--- START ---

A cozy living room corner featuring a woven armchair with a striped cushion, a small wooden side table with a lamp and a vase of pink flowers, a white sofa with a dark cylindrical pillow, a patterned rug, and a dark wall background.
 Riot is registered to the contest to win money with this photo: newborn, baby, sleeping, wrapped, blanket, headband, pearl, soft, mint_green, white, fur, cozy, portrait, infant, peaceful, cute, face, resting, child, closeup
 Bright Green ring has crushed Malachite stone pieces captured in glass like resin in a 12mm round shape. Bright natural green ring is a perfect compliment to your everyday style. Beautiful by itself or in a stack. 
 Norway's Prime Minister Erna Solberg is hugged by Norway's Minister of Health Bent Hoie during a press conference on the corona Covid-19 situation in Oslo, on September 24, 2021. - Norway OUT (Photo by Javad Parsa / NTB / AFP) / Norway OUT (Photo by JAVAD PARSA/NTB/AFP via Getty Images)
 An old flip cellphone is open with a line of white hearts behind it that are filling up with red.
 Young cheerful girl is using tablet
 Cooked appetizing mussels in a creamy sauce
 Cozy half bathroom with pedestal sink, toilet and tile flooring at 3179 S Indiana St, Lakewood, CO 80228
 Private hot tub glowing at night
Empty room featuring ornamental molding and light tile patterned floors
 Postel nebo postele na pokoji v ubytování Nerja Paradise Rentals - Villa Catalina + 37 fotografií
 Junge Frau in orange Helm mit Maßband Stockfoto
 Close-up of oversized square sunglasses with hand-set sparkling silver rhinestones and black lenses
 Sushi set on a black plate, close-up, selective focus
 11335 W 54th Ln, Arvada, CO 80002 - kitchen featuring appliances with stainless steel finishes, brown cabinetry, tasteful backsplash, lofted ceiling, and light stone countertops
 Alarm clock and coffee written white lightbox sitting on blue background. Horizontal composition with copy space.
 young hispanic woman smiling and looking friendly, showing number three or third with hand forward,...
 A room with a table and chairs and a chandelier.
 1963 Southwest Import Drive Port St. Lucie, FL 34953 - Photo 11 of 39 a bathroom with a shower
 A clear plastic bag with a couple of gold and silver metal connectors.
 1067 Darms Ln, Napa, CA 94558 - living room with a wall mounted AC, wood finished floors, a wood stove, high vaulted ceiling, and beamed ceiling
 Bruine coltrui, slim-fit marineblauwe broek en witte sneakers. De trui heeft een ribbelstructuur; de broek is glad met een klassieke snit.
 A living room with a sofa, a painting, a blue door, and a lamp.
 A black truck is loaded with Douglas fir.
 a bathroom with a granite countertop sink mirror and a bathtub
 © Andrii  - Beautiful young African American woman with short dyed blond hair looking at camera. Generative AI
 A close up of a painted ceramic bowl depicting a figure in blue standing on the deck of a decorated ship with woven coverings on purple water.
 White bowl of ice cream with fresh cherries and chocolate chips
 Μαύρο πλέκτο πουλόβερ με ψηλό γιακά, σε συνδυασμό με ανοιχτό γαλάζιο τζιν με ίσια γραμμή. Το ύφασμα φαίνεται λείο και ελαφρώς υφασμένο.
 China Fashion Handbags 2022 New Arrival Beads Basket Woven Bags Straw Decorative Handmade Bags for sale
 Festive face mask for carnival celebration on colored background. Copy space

--- END ---

■ EXERCISE DESCRIPTION
Exact reproduction of the listing above is required.

■ ANSWER TO THIS PROBLEM
A cozy living room corner featuring a woven armchair with a striped cushion, a small wooden side table with a lamp and a vase of pink flowers, a white sofa with a dark cylindrical pillow, a patterned rug, and a dark wall background.
 Riot is registered to the contest to win money with this photo: newborn, baby, sleeping, wrapped, blanket, headband, pearl, soft, mint_green, white, fur, cozy, portrait, infant, peaceful, cute, face, resting, child, closeup
 Bright Green ring has crushed Malachite stone pieces captured in glass like resin in a 12mm round shape. Bright natural green ring is a perfect compliment to your everyday style. Beautiful by itself or in a stack. 
 Norway's Prime Minister Erna Solberg is hugged by Norway's Minister of Health Bent Hoie during a press conference on the corona Covid-19 situation in Oslo, on September 24, 2021. - Norway OUT (Photo by Javad Parsa / NTB / AFP) / Norway OUT (Photo by JAVAD PARSA/NTB/AFP via Getty Images)
 An old flip cellphone is open with a line of white hearts behind it that are filling up with red.
 Young cheerful girl is using tablet
 Cooked appetizing mussels in a creamy sauce
 Cozy half bathroom with pedestal sink, toilet and tile flooring at 3179 S Indiana St, Lakewood, CO 80228
 Private hot tub glowing at night
Empty room featuring ornamental molding and light tile patterned floors
 Postel nebo postele na pokoji v ubytování Nerja Paradise Rentals - Villa Catalina + 37 fotografií
 Junge Frau in orange Helm mit Maßband Stockfoto
 Close-up of oversized square sunglasses with hand-set sparkling silver rhinestones and black lenses
 Sushi set on a black plate, close-up, selective focus
 11335 W 54th Ln, Arvada, CO 80002 - kitchen featuring appliances with stainless steel finishes, brown cabinetry, tasteful backsplash, lofted ceiling, and light stone countertops
 Alarm clock and coffee written white lightbox sitting on blue background. Horizontal composition with copy space.
 young hispanic woman smiling and looking friendly, showing number three or third with hand forward,...
 A room with a table and chairs and a chandelier.
 1963 Southwest Import Drive Port St. Lucie, FL 34953 - Photo 11 of 39 a bathroom with a shower
 A clear plastic bag with a couple of gold and silver metal connectors.
 1067 Darms Ln, Napa, CA 94558 - living room with a wall mounted AC, wood finished floors, a wood stove, high vaulted ceiling, and beamed ceiling
 Bruine coltrui, slim-fit marineblauwe broek en witte sneakers. De trui heeft een ribbelstructuur; de broek is glad met een klassieke snit.
 A living room with a sofa, a painting, a blue door, and a lamp.
 A black truck is loaded with Douglas fir.
 a bathroom with a granite countertop sink mirror and a bathtub
 © Andrii  - Beautiful young African American woman with short dyed blond hair looking at camera. Generative AI
 A close up of a painted ceramic bowl depicting a figure in blue standing on the deck of a decorated ship with woven coverings on purple water.
 White bowl of ice cream with fresh cherries and chocolate chips
 Μαύρο πλέκτο πουλόβερ με ψηλό γιακά, σε συνδυασμό με ανοιχτό γαλάζιο τζιν με ίσια γραμμή. Το ύφασμα φαίνεται λείο και ελαφρώς υφασμένο.
 China Fashion Handbags 2022 New Arrival Beads Basket Woven Bags Straw Decorative Handmade Bags for sale
 Festive face mask for carnival celebration on colored background. Copy space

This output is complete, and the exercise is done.